Luckily, this is not a mandate–but the extension creates169 different problems and public
expectations. Some towns who can afford the expense, will mail out ballot applications.
However, others will not provide this service due to budget constraints. Thankfully ballot
applicants can be downloaded by voters. After the 2020 elections the expectation has been set
in the minds of voters that they will automatically have their ballot mailed to them. Now, 169 city
and town clerks will have to manage this expectation. Now we have a situation where
neighboring towns mail out ballot applications while others cannot. This creates a mass disparity
in mail in voting access.

Responsible lawmakers should have allocated funding to our towns to make this law work or not
pass the extension. Instead, our municipal election teams are scrambling to serve their
constituents and pay the bill. (See Ken Dixon) and (Register Citizen)

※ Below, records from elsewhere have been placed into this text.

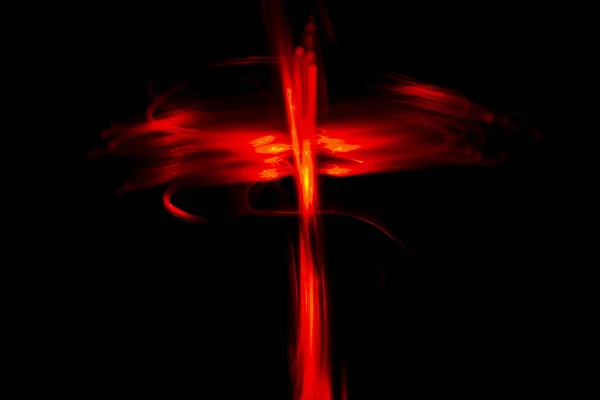 Rot gefärbtes Kruzifix wie Licht Malerei abstrakten Hintergrund. — Stockfoto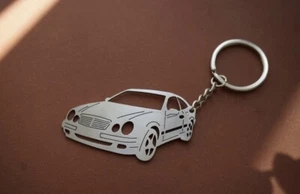 Portachiavi Mercedes CLK W208 Portachiavi Alta Qualità Acciaio Inox 1,5mm - Foto 1 di 1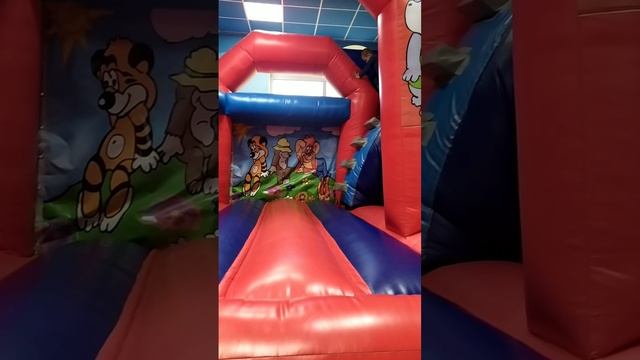 В развлекательном центре с детьми.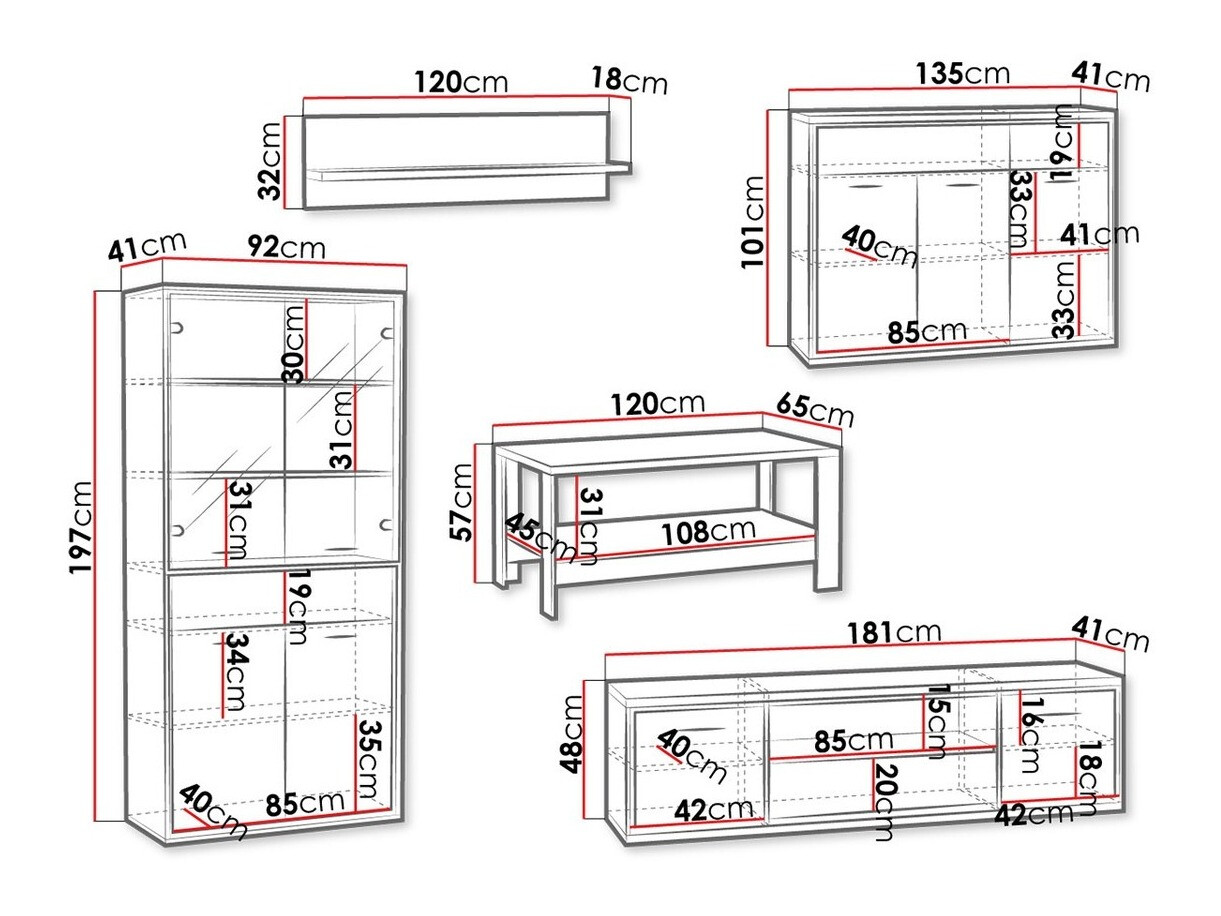 Woonkamerset Etrmoni 118 (Licht hout)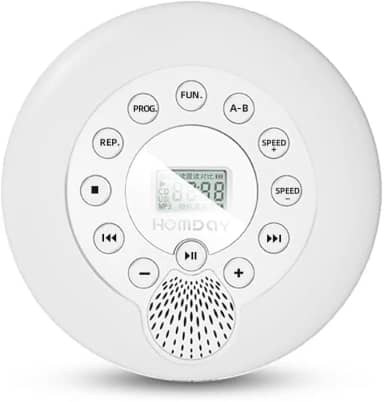 Leitor de CD portátil com fones de ouvido, leitor de CD para carro ou para casa, leitor de CD Discman recarregável, mini CD Players pequeno portátil com alto-falante, MP3 USB reproduzível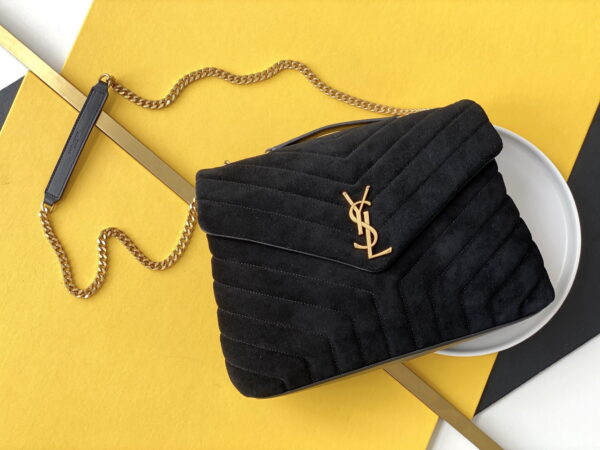 [REP 1:1] Saint Laurent Loulou Medium Chain Bag In Matelasse "Y" Black With Gold Hardware For Women 12.5in/32cm YSL 5749461U8671000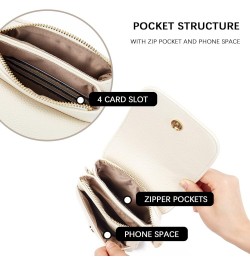 Leather Small Crossbody Bags for Women Designer Cell Phone Bag Wallet Purses Adjustable Strap B-01-pebble Beige-white $13.27 ...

What makes this especially frustrating for our state’s taxpayers is the colossal waste of tax
dollars in 2020. Last year, $7 million dollars was spent by the Secretary of the State for new
ballot applications even though the same applications are freely downloadable from the CGA
website. This money should have been used to help election officials in our cities and towns.
Sadly, the Secretary of the State’s office resorted to the predictable “blame game” by criticizing
Republicans. This blame game undermines the credibility of the Secretary of the State’s office as
well as the citizens’ trust in that office. The plain fact is that no one could have stopped the
majority party from passing short sighted legislation without the proper funding.

This is another example of why we need to elevate the conversation and focus on solving
problems, rather than creating more. It also highlights why the Secretary of the State must be
the most non-partisan of our constitutional offices.

It is important that we listen to our veteran election professionals in our 169 towns and cities. If
you listen, they will tell you what they need. I am listening.